◆ Task description ◆
Lines from the opening of the material through the line containing "Electrical work, switch" must be duplicated word for word. Pictures are not.

◆ Supplied records ◆
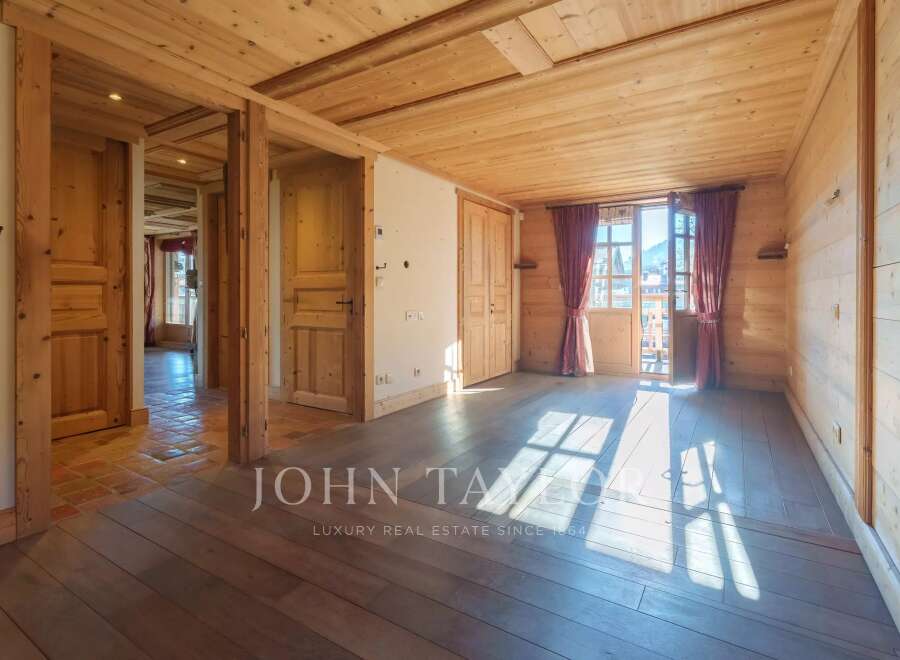 Step into a world of rustic charm with this stunning property, featuring exquisite wooden interiors and a warm, inviting ambiance.
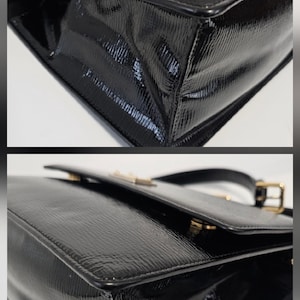 K&ouml;nnte beinhalten: Nahaufnahme einer gl&auml;nzenden schwarzen Handtasche mit Klappenverschluss und goldfarbener Hardware. Die Tasche hat eine strukturierte Form und einen Schulterriemen. Das Lacklederfinish reflektiert das Licht und hebt die Textur und das Design der Tasche hervor.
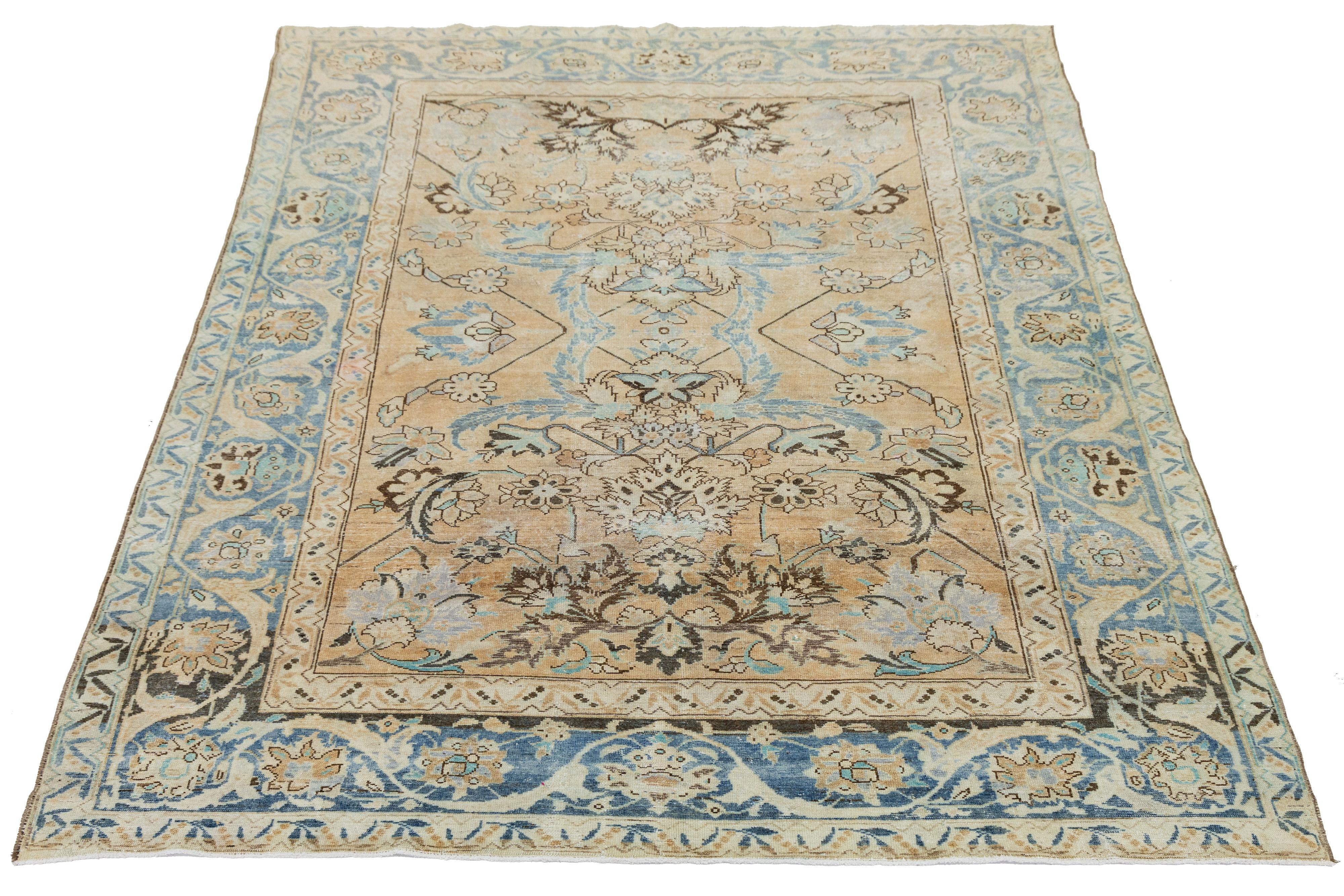 Découvrez l'élégance de ce tapis ancien en laine nouée à la main de Malayer, qui présente un riche fond beige orné d'un superbe motif floral, magnifiquement rehaussé par des touches de bleu, de gris et de brun.

Ce tapis mesure 7' x 9'3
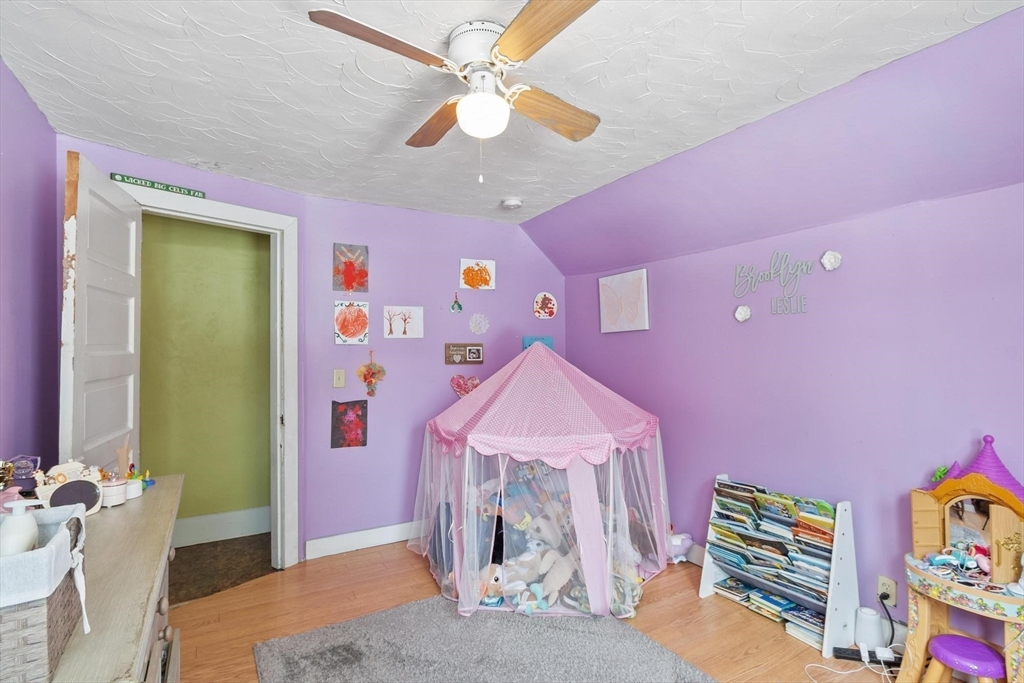37 Draper Road Gardner, MA 01440 - Photo 24 of 33 a bedroom with furniture and a chandelier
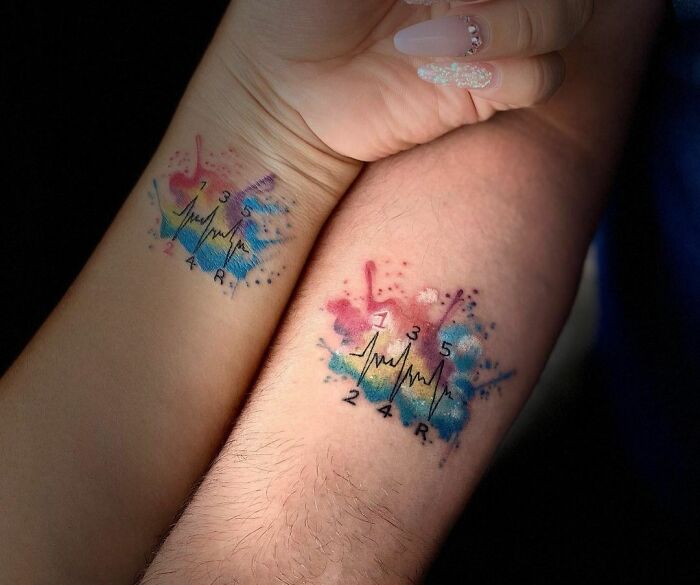 Colorful matching tattoos on arms, featuring heartbeats and numbers, symbolizing a special bond.
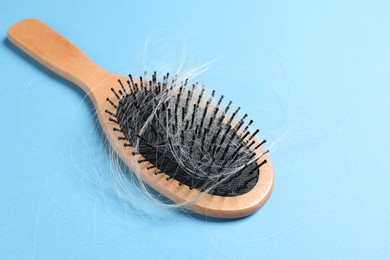 Photo of Wooden brush with lost hair on light blue background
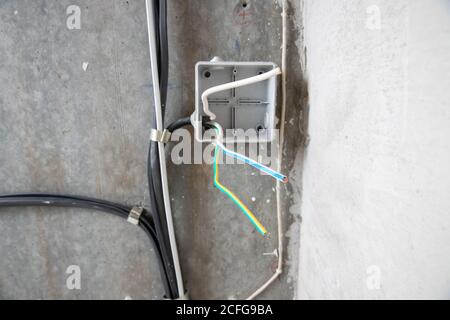 Electrical work, switch box for connecting copper electric wires in apartment Stock Photo
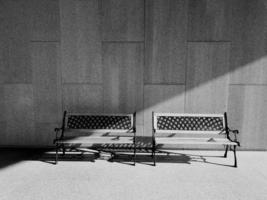 Two modern benches with sunlight and shadow from the side in the morning with concrete wall background and floor in black and white style with copy space. Object design in monochrome tone on cement. photo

◆ Output of the task ◆
 Step into a world of rustic charm with this stunning property, featuring exquisite wooden interiors and a warm, inviting ambiance.
 K&ouml;nnte beinhalten: Nahaufnahme einer gl&auml;nzenden schwarzen Handtasche mit Klappenverschluss und goldfarbener Hardware. Die Tasche hat eine strukturierte Form und einen Schulterriemen. Das Lacklederfinish reflektiert das Licht und hebt die Textur und das Design der Tasche hervor.
 Découvrez l'élégance de ce tapis ancien en laine nouée à la main de Malayer, qui présente un riche fond beige orné d'un superbe motif floral, magnifiquement rehaussé par des touches de bleu, de gris et de brun.

Ce tapis mesure 7' x 9'3
37 Draper Road Gardner, MA 01440 - Photo 24 of 33 a bedroom with furniture and a chandelier
 Colorful matching tattoos on arms, featuring heartbeats and numbers, symbolizing a special bond.
 Photo of Wooden brush with lost hair on light blue background
 Electrical work, switch box for connecting copper electric wires in apartment Stock Photo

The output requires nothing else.